> WHAT THE EXERCISE ASKS: Your task is to reproduce the listing exactly, without its images.

> DATA SEGMENT:
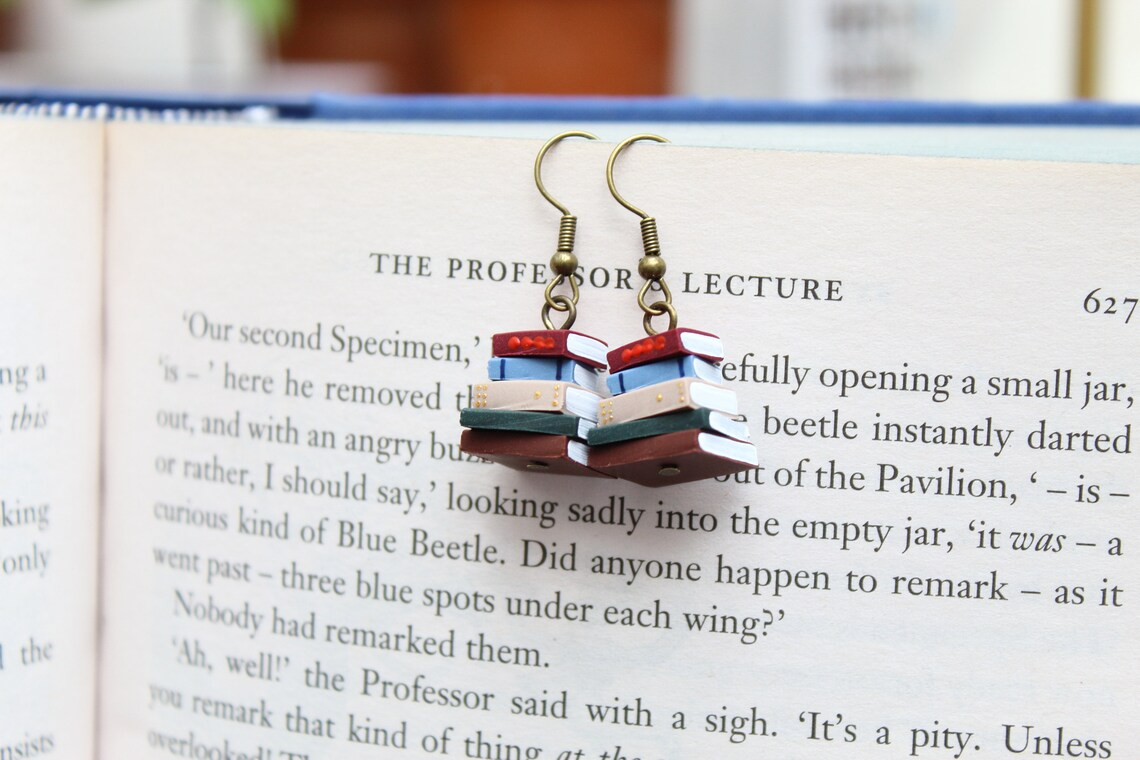 Stack of Books Earrings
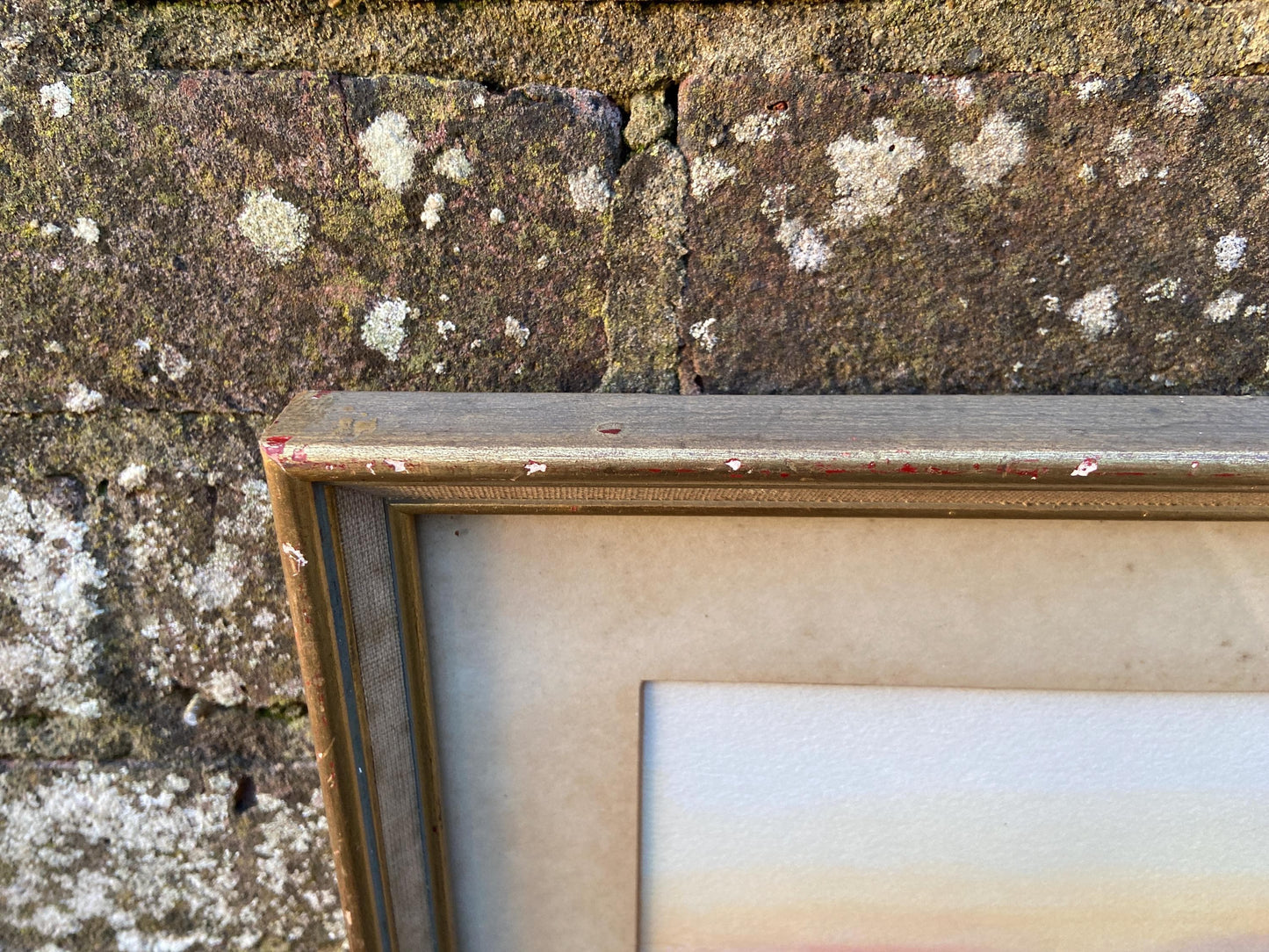 Original Joan Hadfield water colour of Sunrise at Cos 1958, mid century framed original painting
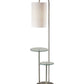 66" Silver Tray Table Floor Lamp With White Fabric Drum Shade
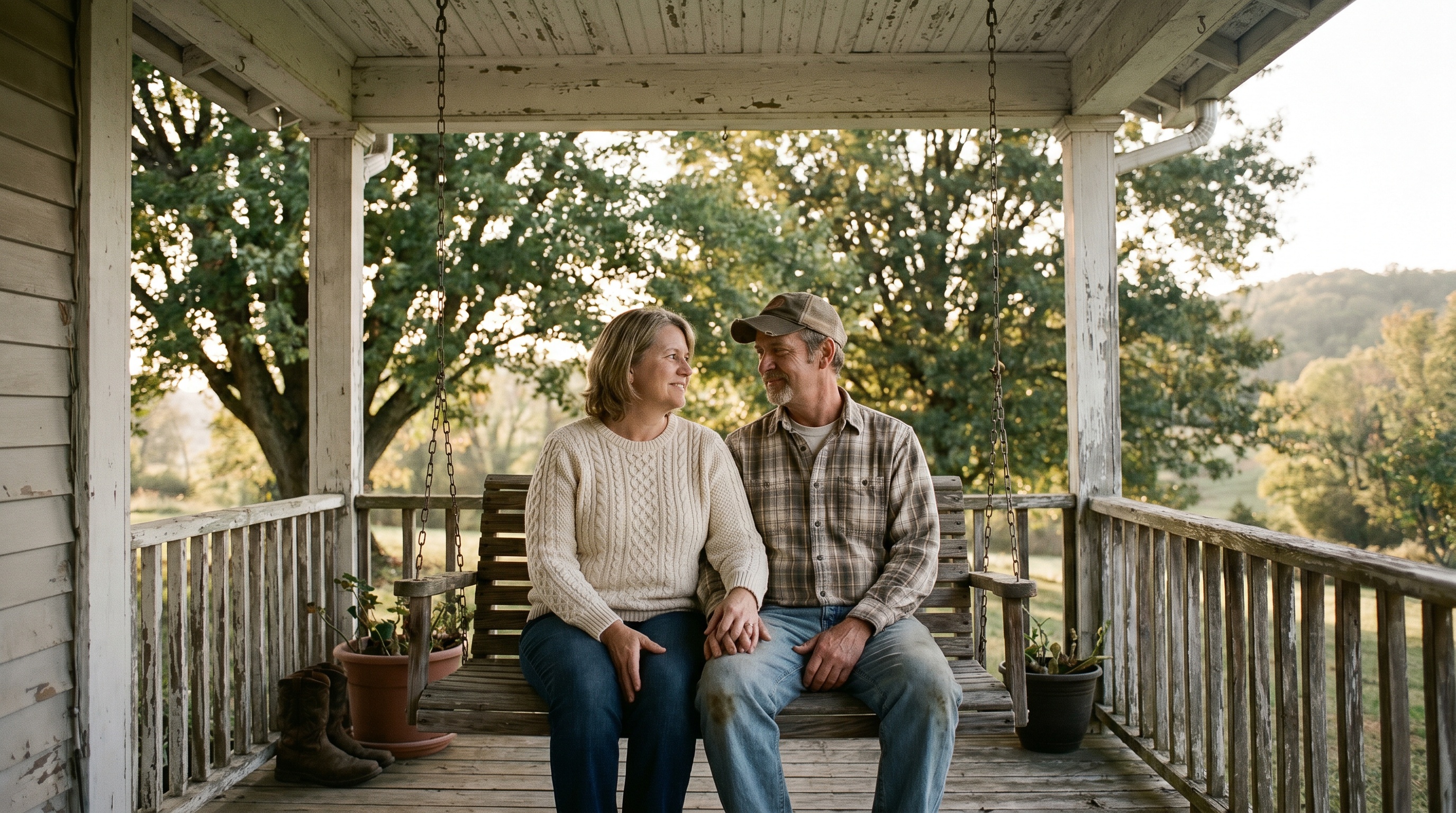 A middle-aged couple sit together on a hanging wooden porch swing of their small Kentucky home, looking at each other in the late afternoon light.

> SOLUTION TO THE EXERCISE:
 Stack of Books Earrings
 Original Joan Hadfield water colour of Sunrise at Cos 1958, mid century framed original painting
 66" Silver Tray Table Floor Lamp With White Fabric Drum Shade
 A middle-aged couple sit together on a hanging wooden porch swing of their small Kentucky home, looking at each other in the late afternoon light.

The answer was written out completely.